Avec 60% des habitants âgés de moins de 40 ans, Tel-Aviv est « le paradis des trottinettes », assure-t-il. L’engouement n’est pas seulement générationnel. Dans cette ville congestionnée par la circulation, la trottinette, « ça change la vie» pour Adi Krispin, 43 ans. Il s’en sert au moins une heure et demie par jour, pour « emmener (sa) fille au jardin d’enfants, aller au travail, faire des courses », dit-il, juché sur son coursier de métal. « C’est difficile de plier un vélo pour le monter à la maison ou au bureau. Avec une trottinette, c’est simple ».
Nuisances
La municipalité de centre-gauche observe le mouvement a priori d’un bon oeil, dit Meital Lehavi, adjointe au maire en charge des transports. Cette vogue pallie une offre en transports publics qui « ne répond pas aux besoins réels des usagers », en particulier sous un gouvernement de droite faisant la part belle aux ultra-orthodoxes, observants rigoureux des règles du judaïsme et de l’interdiction de circulation des bus le week-end, dit-elle. L’impact environnemental aussi est « positif » dans une ville qui souffre de la pollution, ajoute-t-elle.
Cependant, comme d’autres, Tel-Aviv se débat avec les nuisances causées par cette prolifération. Meital Lehavi déplore le manque de pistes cyclables ou de bornes de stationnement. Les utilisateurs roulent volontiers sur les trottoirs et abandonnent leur trottinettes au milieu des allées, gênant les passants et pouvant même les mettre en danger, dit-elle. « C’est un phénomène nouveau que personne ne sait vraiment comment appréhender », admet-elle. S’inspirant d’autres grandes villes du monde, la municipalité a décidé de réguler l’usage. Elle a donné aux opérateurs jusqu’à mi-septembre pour mettre en place des stationnements dédiés à leurs équipements et partager leurs données sur l’utilisation des trottinettes avec la mairie.

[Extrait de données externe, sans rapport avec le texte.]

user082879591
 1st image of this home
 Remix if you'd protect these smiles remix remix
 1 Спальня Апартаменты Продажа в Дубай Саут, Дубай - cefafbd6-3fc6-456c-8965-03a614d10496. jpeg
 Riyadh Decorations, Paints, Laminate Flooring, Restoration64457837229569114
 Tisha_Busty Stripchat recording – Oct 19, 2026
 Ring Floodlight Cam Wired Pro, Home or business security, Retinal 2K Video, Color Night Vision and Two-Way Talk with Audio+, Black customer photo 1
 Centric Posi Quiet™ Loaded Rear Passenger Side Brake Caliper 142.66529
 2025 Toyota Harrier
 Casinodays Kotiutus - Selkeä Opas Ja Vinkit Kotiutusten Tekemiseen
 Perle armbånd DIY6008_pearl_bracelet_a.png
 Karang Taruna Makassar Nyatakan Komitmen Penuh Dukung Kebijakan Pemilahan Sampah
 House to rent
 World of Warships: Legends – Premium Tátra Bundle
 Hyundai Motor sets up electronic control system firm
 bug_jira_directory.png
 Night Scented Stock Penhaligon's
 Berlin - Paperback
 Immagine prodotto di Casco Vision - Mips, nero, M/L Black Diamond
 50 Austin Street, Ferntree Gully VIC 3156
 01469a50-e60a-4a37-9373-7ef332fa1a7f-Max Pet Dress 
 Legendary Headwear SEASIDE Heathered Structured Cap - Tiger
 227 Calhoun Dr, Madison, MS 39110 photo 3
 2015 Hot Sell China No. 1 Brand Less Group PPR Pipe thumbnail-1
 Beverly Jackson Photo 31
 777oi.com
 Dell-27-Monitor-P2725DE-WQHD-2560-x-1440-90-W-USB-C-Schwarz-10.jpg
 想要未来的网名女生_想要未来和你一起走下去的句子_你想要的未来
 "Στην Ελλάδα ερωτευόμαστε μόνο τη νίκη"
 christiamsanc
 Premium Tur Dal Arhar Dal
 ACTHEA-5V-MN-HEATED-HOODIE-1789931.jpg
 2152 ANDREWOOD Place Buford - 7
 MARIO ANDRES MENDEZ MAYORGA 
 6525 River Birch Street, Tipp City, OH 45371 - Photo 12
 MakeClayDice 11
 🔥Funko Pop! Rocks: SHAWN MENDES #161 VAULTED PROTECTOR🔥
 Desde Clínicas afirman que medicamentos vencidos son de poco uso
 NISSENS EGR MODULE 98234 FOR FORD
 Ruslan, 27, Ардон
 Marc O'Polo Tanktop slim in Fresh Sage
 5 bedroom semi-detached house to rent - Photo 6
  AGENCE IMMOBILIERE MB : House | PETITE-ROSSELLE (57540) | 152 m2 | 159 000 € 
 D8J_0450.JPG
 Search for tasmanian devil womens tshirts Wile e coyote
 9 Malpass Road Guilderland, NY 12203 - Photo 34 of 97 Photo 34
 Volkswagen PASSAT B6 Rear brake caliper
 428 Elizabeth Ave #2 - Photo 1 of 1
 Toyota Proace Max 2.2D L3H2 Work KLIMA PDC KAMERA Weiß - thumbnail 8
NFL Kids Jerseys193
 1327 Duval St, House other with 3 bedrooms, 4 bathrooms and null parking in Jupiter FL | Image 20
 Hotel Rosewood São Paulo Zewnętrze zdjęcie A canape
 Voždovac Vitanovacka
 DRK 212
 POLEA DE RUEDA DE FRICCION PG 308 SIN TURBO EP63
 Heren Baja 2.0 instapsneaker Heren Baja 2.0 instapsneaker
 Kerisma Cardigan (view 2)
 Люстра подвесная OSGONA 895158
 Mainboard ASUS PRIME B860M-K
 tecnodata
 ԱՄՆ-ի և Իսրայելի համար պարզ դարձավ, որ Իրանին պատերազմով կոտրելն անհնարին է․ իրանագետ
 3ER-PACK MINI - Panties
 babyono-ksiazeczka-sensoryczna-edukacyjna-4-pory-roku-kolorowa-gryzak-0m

Ces demandes sont « raisonnables », estime le directeur général de Bird qui compte bien augmenter sa flotte d’ici quelques mois. « Grâce aux trottinettes, il y a moins de voitures, et nous allons continuer à coopérer avec la municipalité pour poursuivre cette révolution dans les mois et les années à venir », dit-il.